Separada de Pierre desde 1955, Florence Marly intentó una carrera estadounidense con un éxito menos que moderado; no la ayudó el hecho de que el macartismo la incluyera durante algún tiempo en sus listas negras por haberla confundido con una cantante rusa llamada Ann Marly -así de certeros y de meticulosos supieron ser aquellos justos perseguidores-. Incluso después de aclarado el malentendido, el capo cinematográfico Jack Warner, que era un imbécil altamente metódico, le negó el saludo en una fiesta. No obstante haber comenzado junto a Ray Milland en el 48 y al mismísimo Humphey Bogart en el 49 (Tokyo Joe, de Stuart Heisler), el itinerario yanqui de Florence nunca remontó vuelo. Tal vez la única producción genuinamente relevante de la que participó fue Queen Of Blood, de 1966, un bizarro filme de ciencia ficción, hoy devenido de culto, en que compartió pantalla con John Saxon, Dennis Hopper y Basil Rathbone. Antes de eso, en su primer regreso a Francia tras la guerra, había trabajado en Les Maudits (Los Malditos), de 1947, aplaudido largometraje de René Clèment sobre traidores y colaboracionistas franceses en fuga.



Florence con Bogart y en Queen Of Blood


Que un director de prestigio mundial llegara a nuestras tierras en su cenit artístico debía dejar, por fuerza, alguna huella.

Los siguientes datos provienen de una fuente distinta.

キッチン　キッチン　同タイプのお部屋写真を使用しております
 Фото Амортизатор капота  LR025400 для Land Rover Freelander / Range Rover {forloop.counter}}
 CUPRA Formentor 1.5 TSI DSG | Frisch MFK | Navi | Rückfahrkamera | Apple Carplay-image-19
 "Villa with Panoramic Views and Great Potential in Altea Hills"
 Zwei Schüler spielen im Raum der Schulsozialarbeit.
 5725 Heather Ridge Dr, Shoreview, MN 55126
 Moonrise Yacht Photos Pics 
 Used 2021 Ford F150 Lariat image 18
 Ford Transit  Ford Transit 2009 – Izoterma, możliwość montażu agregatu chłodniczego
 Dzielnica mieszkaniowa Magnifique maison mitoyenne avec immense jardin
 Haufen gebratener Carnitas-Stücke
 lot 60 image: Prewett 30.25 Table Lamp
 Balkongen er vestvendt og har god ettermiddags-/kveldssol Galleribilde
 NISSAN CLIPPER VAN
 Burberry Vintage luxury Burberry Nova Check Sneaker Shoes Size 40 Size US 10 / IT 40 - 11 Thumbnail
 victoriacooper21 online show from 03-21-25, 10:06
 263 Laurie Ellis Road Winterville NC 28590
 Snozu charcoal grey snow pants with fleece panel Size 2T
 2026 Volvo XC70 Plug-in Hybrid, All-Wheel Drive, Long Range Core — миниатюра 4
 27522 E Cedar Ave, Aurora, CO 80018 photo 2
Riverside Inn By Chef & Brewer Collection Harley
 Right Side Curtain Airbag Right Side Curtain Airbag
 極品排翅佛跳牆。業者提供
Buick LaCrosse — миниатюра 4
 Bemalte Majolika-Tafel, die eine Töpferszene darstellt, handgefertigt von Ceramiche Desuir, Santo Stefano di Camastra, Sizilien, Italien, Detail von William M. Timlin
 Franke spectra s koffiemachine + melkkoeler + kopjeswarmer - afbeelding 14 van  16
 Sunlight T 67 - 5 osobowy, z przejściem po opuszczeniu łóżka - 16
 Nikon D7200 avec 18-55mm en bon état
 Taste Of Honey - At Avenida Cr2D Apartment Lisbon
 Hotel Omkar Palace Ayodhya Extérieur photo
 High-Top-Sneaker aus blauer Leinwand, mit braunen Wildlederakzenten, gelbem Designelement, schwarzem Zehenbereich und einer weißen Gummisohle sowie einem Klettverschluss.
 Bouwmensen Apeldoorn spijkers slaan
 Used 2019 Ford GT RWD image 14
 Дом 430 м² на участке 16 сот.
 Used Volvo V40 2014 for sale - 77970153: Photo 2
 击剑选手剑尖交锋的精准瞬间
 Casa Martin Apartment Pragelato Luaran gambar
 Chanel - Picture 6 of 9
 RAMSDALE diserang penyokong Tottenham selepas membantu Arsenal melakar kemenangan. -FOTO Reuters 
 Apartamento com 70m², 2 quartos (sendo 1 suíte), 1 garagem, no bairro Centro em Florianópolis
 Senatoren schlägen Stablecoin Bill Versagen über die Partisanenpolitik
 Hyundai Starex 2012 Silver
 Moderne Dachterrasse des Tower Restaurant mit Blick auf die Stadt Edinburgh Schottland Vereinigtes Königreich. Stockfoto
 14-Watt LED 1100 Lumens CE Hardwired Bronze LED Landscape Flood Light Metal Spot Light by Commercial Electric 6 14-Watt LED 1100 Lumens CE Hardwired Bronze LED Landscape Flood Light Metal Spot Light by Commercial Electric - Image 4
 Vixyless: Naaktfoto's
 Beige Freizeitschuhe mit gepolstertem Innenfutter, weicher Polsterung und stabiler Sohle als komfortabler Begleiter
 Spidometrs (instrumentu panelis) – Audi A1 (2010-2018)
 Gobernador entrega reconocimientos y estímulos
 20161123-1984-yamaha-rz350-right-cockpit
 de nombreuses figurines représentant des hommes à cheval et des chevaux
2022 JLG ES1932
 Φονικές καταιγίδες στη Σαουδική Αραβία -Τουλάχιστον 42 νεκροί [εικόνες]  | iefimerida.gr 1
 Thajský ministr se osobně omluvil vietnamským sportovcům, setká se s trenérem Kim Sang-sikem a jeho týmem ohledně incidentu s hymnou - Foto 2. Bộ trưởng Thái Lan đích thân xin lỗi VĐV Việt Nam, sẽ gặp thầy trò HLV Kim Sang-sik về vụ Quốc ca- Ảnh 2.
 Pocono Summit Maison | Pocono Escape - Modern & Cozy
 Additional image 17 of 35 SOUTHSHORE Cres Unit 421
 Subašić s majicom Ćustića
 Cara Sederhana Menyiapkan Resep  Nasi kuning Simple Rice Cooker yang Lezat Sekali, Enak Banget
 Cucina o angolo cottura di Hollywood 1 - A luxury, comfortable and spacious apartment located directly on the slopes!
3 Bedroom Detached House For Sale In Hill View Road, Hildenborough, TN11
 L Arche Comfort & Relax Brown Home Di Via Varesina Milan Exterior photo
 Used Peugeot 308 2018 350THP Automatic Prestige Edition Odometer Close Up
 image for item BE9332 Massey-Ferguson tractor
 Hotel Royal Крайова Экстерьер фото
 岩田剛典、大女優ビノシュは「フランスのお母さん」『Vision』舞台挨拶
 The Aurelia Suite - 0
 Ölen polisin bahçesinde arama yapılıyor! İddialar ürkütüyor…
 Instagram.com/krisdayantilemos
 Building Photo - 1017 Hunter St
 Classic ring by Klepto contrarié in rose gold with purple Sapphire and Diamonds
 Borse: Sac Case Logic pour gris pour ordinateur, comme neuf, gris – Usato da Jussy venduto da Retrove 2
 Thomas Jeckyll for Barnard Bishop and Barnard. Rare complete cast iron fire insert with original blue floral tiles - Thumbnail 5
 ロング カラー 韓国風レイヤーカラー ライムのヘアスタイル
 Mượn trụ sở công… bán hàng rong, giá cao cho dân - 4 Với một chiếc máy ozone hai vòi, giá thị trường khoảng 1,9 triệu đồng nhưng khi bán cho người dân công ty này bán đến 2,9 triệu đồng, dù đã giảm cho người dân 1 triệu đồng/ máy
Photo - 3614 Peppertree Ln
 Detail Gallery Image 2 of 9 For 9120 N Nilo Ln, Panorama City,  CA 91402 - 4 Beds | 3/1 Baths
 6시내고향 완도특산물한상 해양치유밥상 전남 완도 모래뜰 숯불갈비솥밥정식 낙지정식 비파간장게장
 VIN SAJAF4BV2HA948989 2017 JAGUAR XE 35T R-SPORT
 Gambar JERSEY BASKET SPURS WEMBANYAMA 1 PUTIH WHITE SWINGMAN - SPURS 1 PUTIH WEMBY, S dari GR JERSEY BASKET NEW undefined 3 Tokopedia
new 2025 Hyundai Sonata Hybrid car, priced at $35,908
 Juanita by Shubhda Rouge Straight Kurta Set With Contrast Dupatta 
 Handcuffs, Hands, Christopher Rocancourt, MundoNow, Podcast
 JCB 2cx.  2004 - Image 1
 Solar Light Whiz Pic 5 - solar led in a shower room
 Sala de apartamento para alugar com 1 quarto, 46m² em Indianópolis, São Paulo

Puede que sea exagerado atribuirle el cuidado por la ambientación, por la puesta y movimientos de cámara, que varios directores argentinos empezaron a exhibir desde la década de los cuarenta. Pero es dable suponer que la presencia de Chenal debió influir, al menos parcialmente, en el generalizado gusto por el género policial que pronto invadió a nuestro cine, perceptible tanto por la aparición de "especialistas", como Carlos Hugo Christensen, como por el acercamiento al género de realizadores que normalmente cultivaban otros estilos (Soffici, Viñoly Barreto y otros).


Una última curiosidad. Cuando, al estallar la guerra, Chenal debió interrumpir su carrera como cineasta, planeaba filmar en Francia una adaptación de la novela Brujas, La Muerta, que su compatriota Georges Radenbach había escrito en 1892. Por algún motivo, tras cancelar el proyecto en atención a esas obvias razones de coyuntura, el hombre nunca lo retomó. Pero en su lugar lo hizo nuestro brillante Hugo Del Carril. En agosto de 1955, el gran director argentino inició el rodaje de dicha versión fílmica, si bien a las pocas semanas debió suspenderlo porque la autodenominada Revolución Libertadora -nombre pomposo para una simple y mísera dictadura asesina, apodada popularmente Revolución Fusiladora- lo encarceló durante algún tiempo a raíz de ciertas denuncias infundadas, o mejor dicho inventadas, que en rigor se explicaban por su consabida adhesión al gobierno depuesto. La accidentada y notable película que floreció en medio de tales adversidades, estrenada en 1956, fue Más Allá Del Olvido, que el propio Del Carril protagonizó junto a Laura Hidalgo y Eduardo Rudy. Auténtico clásico y un justo tributo a la gravitación del maestro belga sobre sus pares de la industria cinematográfica argentina.